The throne disintegrates beneath him as the Force swells and crashes inward, not like fire, but folding . Space curls. Time snaps.

He reaches out instinctively, but there is no control here. No will to impose. The Force drags him like a current. Back, down, through .

Everything explodes into light.

He gasps.

There is no heat. No stone. No fire.

Only sunlight.

He’s standing on durasteel. The air smells like clean fuel and Naboo blossom.

A voice cuts through the haze, too familiar. Too near.

“Anakin, are you even listening to me?”

He turns.

Obi-Wan is standing beside him, arms folded, a half-smile threatening to bloom beneath his practiced frown. His Jedi robes are sharp and clean. The soft gold of a Naboo morning light catches in the copper of his beard.

Anakin looks down at his own hands.

One flesh, the other mechanical with golden parts. He hasn’t seen this hand is a long, long time. What has happened? Is this a dream?

He looks up.

Obi-Wan is still watching him. His eyes are narrowed, but not unfriendly. He is patiently waiting for Anakin to say something. Anything. 
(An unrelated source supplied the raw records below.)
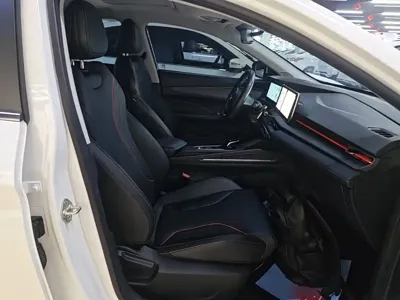 Geely Binrui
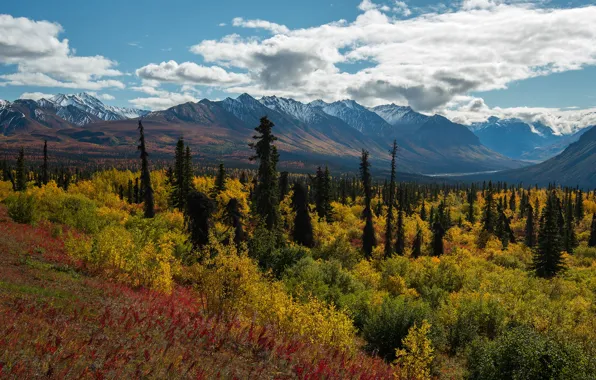 Autumn, forest, mountains, nature, Chile, Andes, Patagonia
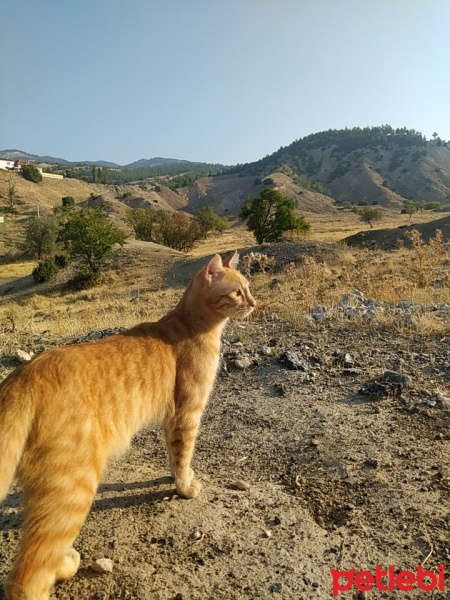 Tekir Kedi, Kedi  Güzide fotoğrafı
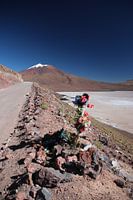 Mémorial au bord de la route, Salar de Ascotan, Chili, Volcan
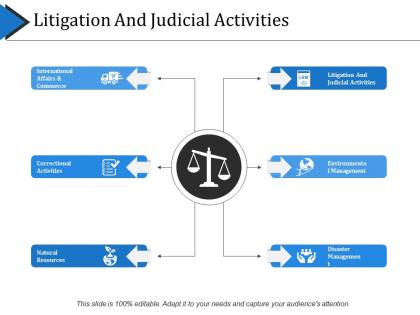 Litigation and judicial activities presentation examples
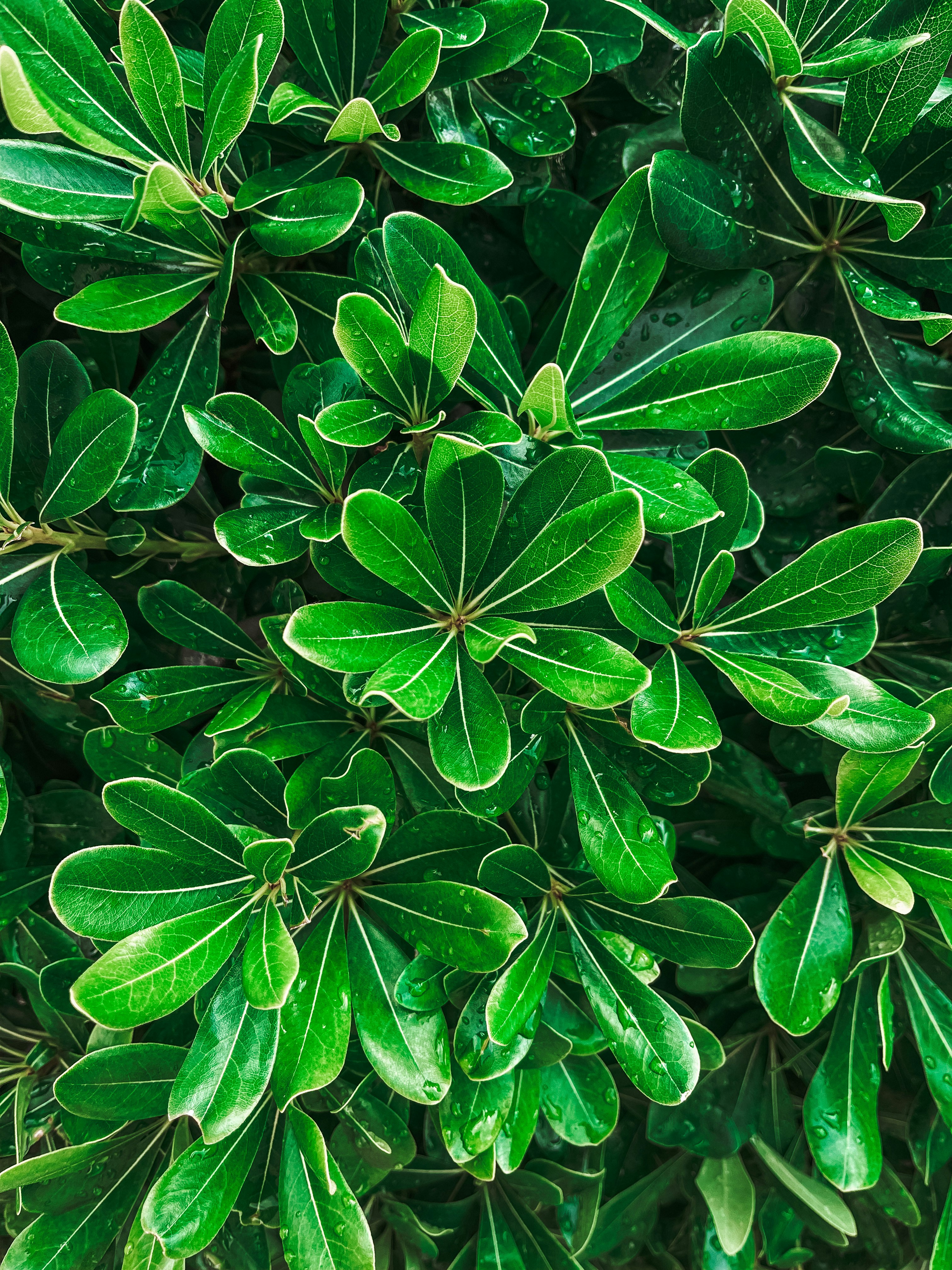 Photo by ullashinami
Anakin swallows. The air is too thin. There’s a mirror next to him. When turning to look at himself, the crowfeet by his eyes are gone, the creases on his forehead are smaller. His eyes are bright and blue. 

He’s back in the body of his Jedi self. Before the Fall. Before Palpatine destroyed the Jedi order. 

And he remembers everything .

The worst part? Obi-Wan’s face carries the same smile that’s haunted him for years.